According to Collins and Barrington, among certain native tribes of Australia, "when the mother of a suckling dies, if no adoptive parents can be found, the child is placed alive in the arms of the corpse and buried together with it." Of the Banians of Bombay, Niebuhr tells us that children under eighteen months old are buried when the mother dies, the corpse of the latter being burned at ebb tide on the shore of the sea, so that the next tide may wash away the ashes. In certain parts of Borneo: "If a mother died in childbirth, it was the former practice to strap the living babe to its dead mother, and bury them both together. 'Why should it live?' say they. 'It has been the death of its mother; now she is gone, who will suckle it?.'"
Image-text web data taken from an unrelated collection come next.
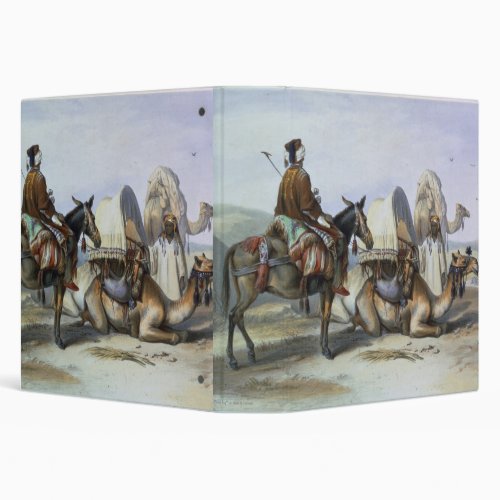 Kafila with a Camel Bearing a Hodesh illustration Binder
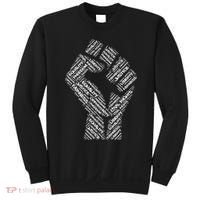 Civil Rights Black Power Fist March For Justice Sweatshirt thumb 0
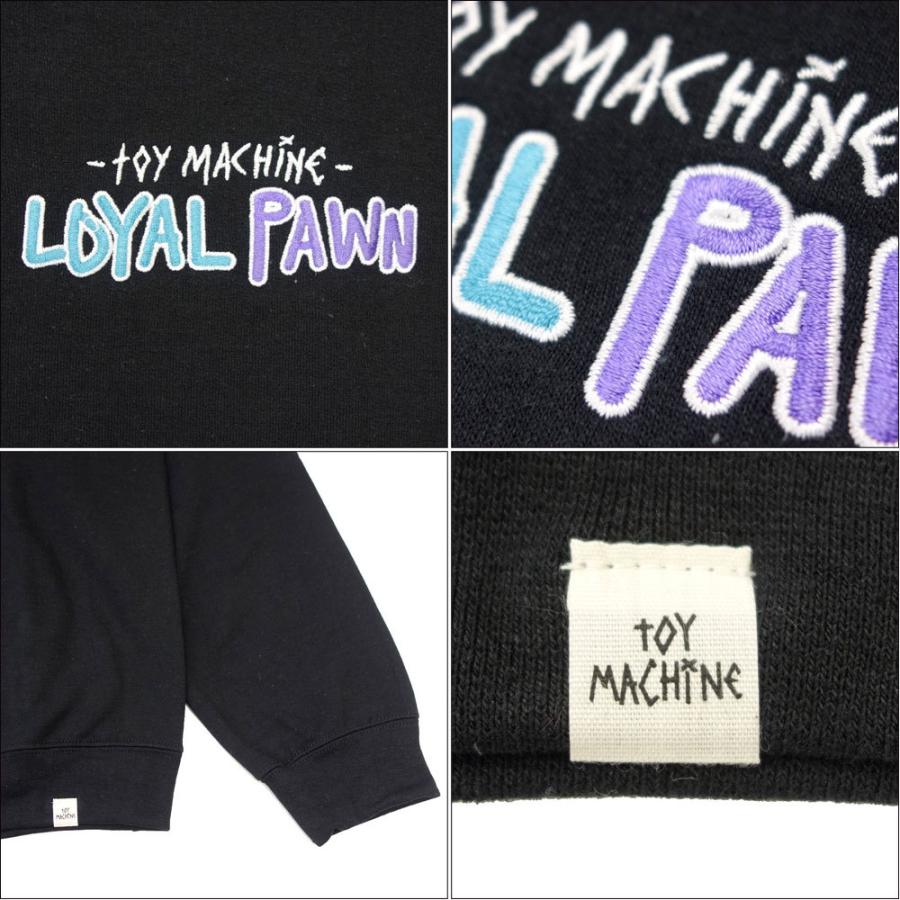 TOYMACHINE/トイマシーン クルーネック スウェット/LOYAL PAWNEMBROIDERY SWEAT CREW TMFBSW15｜スケーター ストリート クルー トレーナー 刺繍 トイマシン | TOY MACHINE | 04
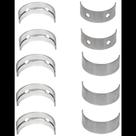 Kit bronzinas centrais Renault Logan 2007 a 2017 Metal Leve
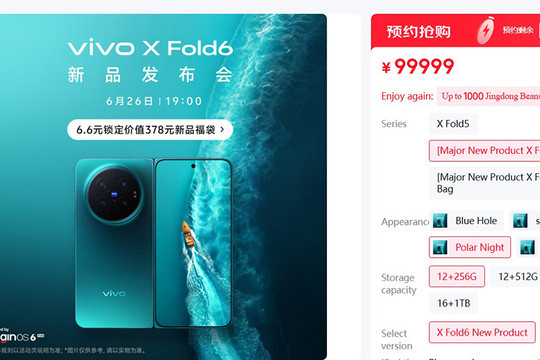 Cận cảnh vivo X Fold6: Bước tiến mới với pin 6,900mAh và hệ thống camera 200MP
In certain parts of Australia, "children who have caused their mother great pain in birth are put to death," and among the Sakalavas of Madagascar, the child of a woman dying in child-bed is buried alive with her, the reason given being" that the child may thus be punished for causing the death of its mother."

As has been noted elsewhere, not a few primitive peoples have considered that death, in consequence of giving birth to a child, gained for the mother entrance into Paradise. But with some more or less barbarous tribes quite a different idea prevails. Among the Ewe negroes of the slave coast of West Africa, women dying in childbirth become blood-seeking demons; so also in certain parts of Borneo, and on the Sumatran island of Nias, where they torment the living, plague women who are with child, and kill the embryo in the womb, thus causing abortion; in Java, they make women in labour crazy; in Amboina, the Uliase and Kei Islands, and Gilolo, they become evil spirits, torturing women in labour, and seeking to prevent their successful delivery; in Gilolo, the Kei group, and Celebes, they even torment men, seeking to emasculate-them, in revenge for the misfortune which has overtaken them.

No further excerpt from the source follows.